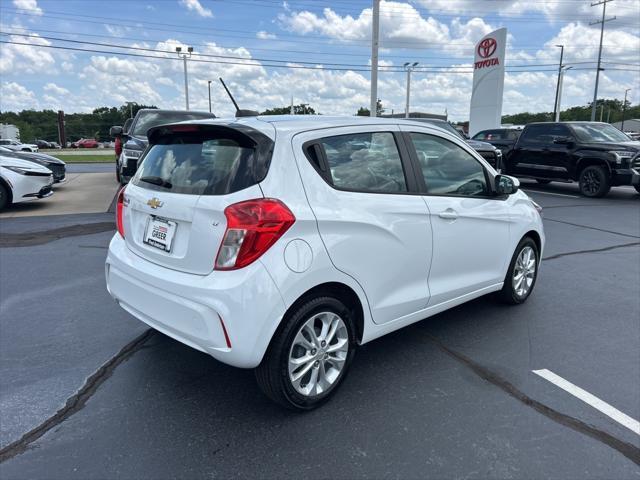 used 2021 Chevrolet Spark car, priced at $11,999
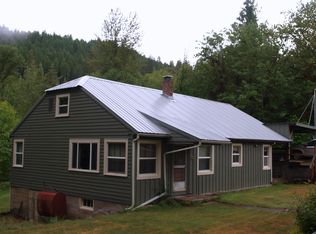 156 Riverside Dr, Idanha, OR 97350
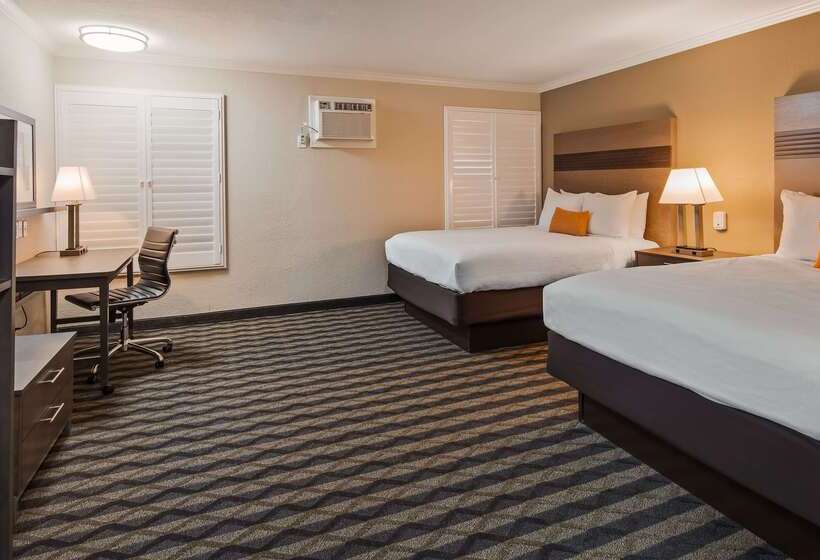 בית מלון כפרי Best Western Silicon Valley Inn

Work to be completed:
Restate every line above exactly, omitting images.

Problem solution:
 used 2021 Chevrolet Spark car, priced at $11,999
 156 Riverside Dr, Idanha, OR 97350
 בית מלון כפרי Best Western Silicon Valley Inn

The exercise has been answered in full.